IPs Blocked or not Blocked?
getagrep last edited by
This is about Snort within pfSense.
There is a long list of Alerts, including things like "Misc attack" by "ET COMPROMISED Known Compromised or Hostile Host Traffic UDP group 20" … lots of those ...
I have enabled "Block Offenders" in Snort Interfaces / WAN / Edit / Block Offenders.
In Snort / Global Settings, I have set the "Removed Blocked Hosts Interval" to 4 days (up from the default of 1 hour).
Subsequent to saving these settings, offending IPs still don't go into the "Blocked" list.
Despite there being many priority 1 and priority 2 Alerts, no IPs are going into Blocked. That's a worry to me.

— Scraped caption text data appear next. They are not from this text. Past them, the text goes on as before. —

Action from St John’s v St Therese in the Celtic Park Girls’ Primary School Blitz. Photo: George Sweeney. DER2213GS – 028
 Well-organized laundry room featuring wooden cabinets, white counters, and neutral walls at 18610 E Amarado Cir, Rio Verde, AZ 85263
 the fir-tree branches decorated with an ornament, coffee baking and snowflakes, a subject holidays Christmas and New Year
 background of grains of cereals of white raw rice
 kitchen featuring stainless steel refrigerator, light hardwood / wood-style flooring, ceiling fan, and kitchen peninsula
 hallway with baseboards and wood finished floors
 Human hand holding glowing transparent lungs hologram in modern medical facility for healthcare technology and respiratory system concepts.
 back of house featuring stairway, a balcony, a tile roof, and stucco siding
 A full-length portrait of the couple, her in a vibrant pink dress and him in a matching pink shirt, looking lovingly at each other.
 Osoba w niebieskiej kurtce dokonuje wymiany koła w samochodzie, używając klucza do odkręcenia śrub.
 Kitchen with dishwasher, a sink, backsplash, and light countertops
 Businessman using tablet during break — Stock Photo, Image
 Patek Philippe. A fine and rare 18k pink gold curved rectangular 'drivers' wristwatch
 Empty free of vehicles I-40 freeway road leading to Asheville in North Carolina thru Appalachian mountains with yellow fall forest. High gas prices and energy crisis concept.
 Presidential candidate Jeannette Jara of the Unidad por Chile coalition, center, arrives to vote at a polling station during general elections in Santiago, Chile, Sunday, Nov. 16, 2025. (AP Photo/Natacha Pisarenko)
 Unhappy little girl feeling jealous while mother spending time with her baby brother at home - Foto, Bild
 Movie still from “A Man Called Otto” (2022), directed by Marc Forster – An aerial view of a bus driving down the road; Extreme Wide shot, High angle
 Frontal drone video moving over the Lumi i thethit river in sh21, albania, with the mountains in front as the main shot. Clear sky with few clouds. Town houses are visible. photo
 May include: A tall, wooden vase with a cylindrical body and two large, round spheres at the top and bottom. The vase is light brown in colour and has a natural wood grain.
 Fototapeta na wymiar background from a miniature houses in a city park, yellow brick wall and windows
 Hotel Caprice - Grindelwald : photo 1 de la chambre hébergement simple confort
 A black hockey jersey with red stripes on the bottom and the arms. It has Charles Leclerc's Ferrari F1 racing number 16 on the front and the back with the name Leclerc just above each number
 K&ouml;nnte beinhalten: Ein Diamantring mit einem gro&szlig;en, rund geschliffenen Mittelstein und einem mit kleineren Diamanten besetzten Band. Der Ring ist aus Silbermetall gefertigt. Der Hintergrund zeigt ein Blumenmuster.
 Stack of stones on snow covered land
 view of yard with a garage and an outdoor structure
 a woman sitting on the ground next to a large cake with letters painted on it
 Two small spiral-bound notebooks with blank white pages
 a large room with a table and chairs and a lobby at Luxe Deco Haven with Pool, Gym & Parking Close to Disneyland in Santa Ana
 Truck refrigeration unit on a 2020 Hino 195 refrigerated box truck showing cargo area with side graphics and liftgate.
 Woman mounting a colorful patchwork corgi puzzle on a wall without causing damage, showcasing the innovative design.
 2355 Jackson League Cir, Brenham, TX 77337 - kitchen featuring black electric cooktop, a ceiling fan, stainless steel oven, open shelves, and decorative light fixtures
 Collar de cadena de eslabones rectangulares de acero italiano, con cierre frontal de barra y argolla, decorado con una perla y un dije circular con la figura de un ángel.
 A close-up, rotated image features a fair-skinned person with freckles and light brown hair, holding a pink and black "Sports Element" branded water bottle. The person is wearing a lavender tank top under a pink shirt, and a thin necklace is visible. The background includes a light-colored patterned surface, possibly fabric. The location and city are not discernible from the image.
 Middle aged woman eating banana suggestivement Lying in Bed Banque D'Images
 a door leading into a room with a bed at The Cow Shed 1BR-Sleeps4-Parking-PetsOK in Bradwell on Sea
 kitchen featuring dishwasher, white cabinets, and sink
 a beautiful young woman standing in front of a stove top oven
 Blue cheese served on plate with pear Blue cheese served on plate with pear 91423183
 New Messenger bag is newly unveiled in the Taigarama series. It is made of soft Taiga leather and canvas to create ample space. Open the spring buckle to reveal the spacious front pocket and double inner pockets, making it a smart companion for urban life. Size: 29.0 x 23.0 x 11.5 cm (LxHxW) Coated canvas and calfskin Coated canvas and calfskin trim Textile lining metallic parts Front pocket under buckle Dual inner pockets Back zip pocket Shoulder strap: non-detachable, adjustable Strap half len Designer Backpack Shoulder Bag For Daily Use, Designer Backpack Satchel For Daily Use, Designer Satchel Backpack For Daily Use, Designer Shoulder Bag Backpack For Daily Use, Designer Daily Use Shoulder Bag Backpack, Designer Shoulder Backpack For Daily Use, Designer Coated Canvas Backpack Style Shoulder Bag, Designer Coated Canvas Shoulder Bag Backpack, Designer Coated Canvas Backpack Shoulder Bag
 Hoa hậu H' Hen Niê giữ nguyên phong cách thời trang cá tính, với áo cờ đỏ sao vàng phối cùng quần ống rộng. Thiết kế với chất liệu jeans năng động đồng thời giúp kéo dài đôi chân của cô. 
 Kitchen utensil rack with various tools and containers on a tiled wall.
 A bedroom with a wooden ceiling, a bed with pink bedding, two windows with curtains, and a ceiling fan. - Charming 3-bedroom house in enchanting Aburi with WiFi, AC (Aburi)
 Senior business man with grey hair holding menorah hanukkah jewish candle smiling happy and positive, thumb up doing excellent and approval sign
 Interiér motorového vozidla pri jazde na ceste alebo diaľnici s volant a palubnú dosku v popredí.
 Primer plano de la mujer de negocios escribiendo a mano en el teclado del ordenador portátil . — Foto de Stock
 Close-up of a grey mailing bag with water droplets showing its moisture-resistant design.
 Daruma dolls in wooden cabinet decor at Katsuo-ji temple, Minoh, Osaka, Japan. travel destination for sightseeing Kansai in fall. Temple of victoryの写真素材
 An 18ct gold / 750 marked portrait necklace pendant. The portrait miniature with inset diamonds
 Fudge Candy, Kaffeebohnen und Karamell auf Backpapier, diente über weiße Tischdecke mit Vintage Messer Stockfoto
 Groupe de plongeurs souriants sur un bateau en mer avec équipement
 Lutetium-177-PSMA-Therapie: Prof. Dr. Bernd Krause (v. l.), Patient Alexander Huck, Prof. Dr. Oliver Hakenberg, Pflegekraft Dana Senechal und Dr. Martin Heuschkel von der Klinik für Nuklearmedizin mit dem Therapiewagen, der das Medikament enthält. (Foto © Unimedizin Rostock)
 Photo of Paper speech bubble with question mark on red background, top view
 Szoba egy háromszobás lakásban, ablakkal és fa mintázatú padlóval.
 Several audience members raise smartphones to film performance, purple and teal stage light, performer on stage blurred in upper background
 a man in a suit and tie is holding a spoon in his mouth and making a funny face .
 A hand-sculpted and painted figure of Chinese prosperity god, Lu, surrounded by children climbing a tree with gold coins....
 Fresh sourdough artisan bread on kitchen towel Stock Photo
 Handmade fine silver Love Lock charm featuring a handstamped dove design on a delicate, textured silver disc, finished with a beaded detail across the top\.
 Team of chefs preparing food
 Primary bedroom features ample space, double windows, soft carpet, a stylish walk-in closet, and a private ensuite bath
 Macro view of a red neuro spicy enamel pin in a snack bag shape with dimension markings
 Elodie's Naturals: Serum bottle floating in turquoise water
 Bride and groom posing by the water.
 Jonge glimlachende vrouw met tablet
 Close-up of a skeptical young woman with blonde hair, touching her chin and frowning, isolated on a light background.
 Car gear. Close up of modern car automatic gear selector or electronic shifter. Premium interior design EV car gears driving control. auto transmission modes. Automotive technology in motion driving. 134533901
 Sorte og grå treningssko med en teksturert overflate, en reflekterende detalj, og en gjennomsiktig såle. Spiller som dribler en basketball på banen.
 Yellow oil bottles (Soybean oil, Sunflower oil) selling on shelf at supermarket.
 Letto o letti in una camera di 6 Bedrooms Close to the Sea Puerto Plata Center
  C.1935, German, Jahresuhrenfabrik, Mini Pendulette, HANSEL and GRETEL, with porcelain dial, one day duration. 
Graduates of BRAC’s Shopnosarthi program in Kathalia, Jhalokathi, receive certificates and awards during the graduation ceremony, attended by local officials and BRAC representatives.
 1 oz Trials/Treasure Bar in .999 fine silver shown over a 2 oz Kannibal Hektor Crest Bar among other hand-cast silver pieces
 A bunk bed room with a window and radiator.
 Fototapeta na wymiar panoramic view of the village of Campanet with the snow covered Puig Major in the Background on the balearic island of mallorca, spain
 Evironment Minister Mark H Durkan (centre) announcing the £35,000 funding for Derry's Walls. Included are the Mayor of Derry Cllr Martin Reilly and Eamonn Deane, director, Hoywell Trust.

(I would think that by default, if I receive a "Misc attack" by an "ET COMPROMISED Known Compromised or Hostile Host Traffic UDP group XX", that IP address should be blocked for ALL traffic, not just the offending packets, as there might be zero day ways to get hacked by those IPs by other packets which are as yet unknown to Snort and others. Maybe one packet or a few get blocked, but what about additional activity by them against my system?)
Is Snort just "alerting" me of these attacks but not blocking them, or
is Snort also blocking these particular packets or traffic but not all traffic from the source IP addresses, or
is Snort also blocking all traffic from these IP addresses and just not reporting that it's blocking all traffic?
If anybody knows the answer to this question, it would be very much appreciated. I am just now learning pfSense, which I appreciate, and hopefully I can answer others' questions after I learn enough to give accurate and useful answers. :)
Snort on wan its pretty pointless if you ask me.. Its going to do nothing but flood your logs with noise..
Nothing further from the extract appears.